What the exercise asks.
Pictures stay out of the copy; output exactly the lines from the one containing "Jaqueline, mulher branca" through the end of the material.

Input data.
####

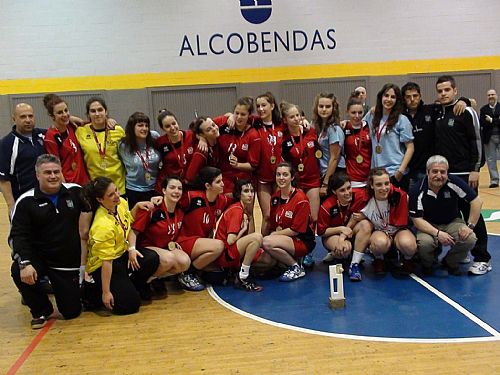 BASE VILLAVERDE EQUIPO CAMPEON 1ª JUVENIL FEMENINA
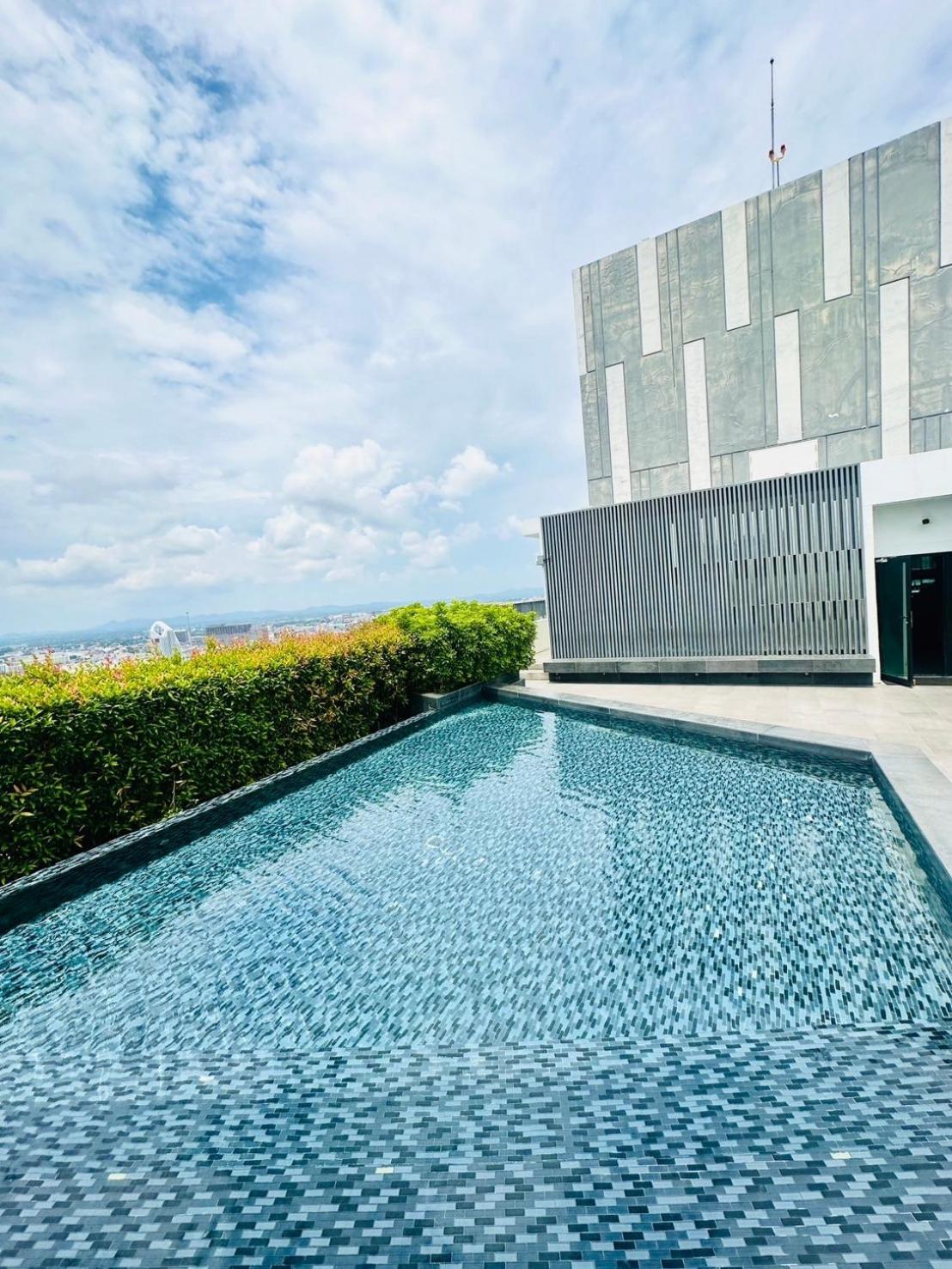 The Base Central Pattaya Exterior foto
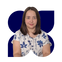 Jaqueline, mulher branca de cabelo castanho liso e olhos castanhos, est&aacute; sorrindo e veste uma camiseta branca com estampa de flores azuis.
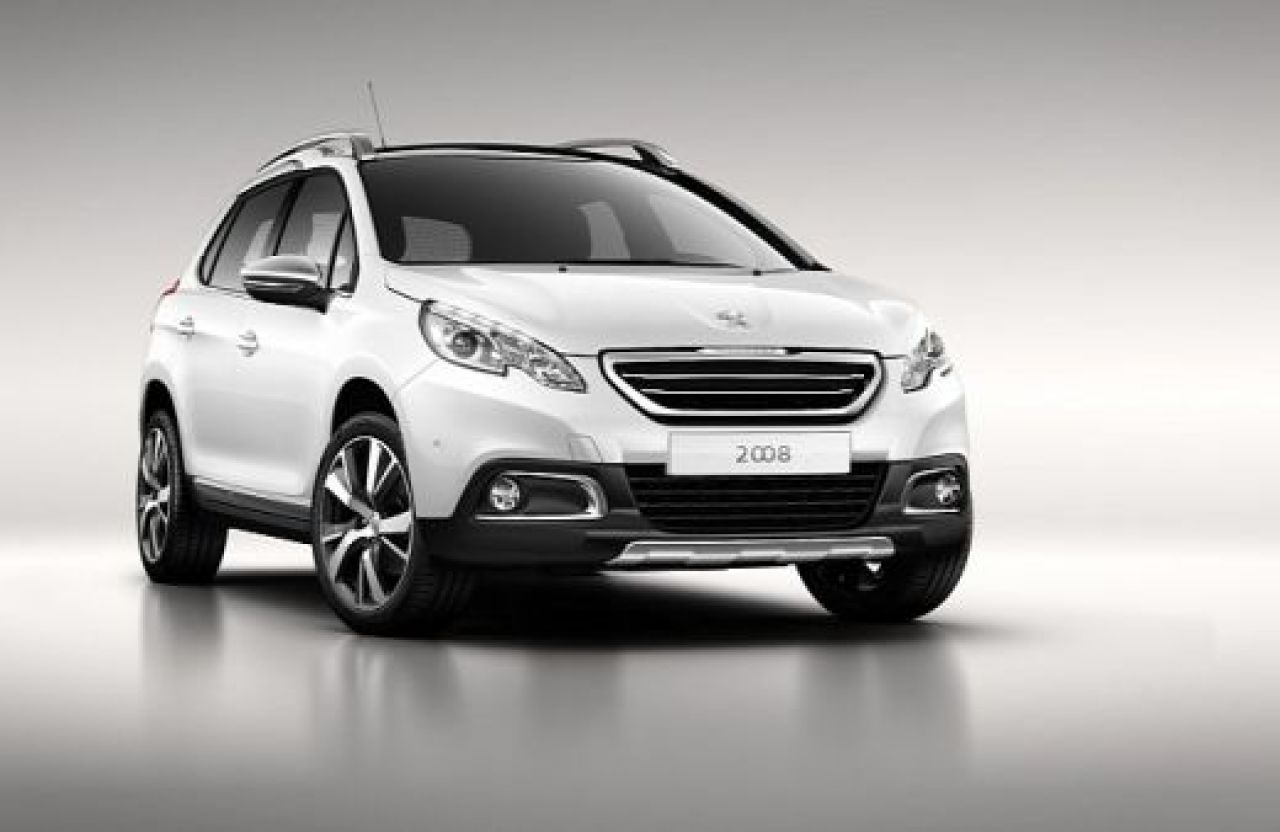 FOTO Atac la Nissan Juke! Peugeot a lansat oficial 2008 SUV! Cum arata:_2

####

Answer to the problem.
 Jaqueline, mulher branca de cabelo castanho liso e olhos castanhos, est&aacute; sorrindo e veste uma camiseta branca com estampa de flores azuis.
 FOTO Atac la Nissan Juke! Peugeot a lansat oficial 2008 SUV! Cum arata:_2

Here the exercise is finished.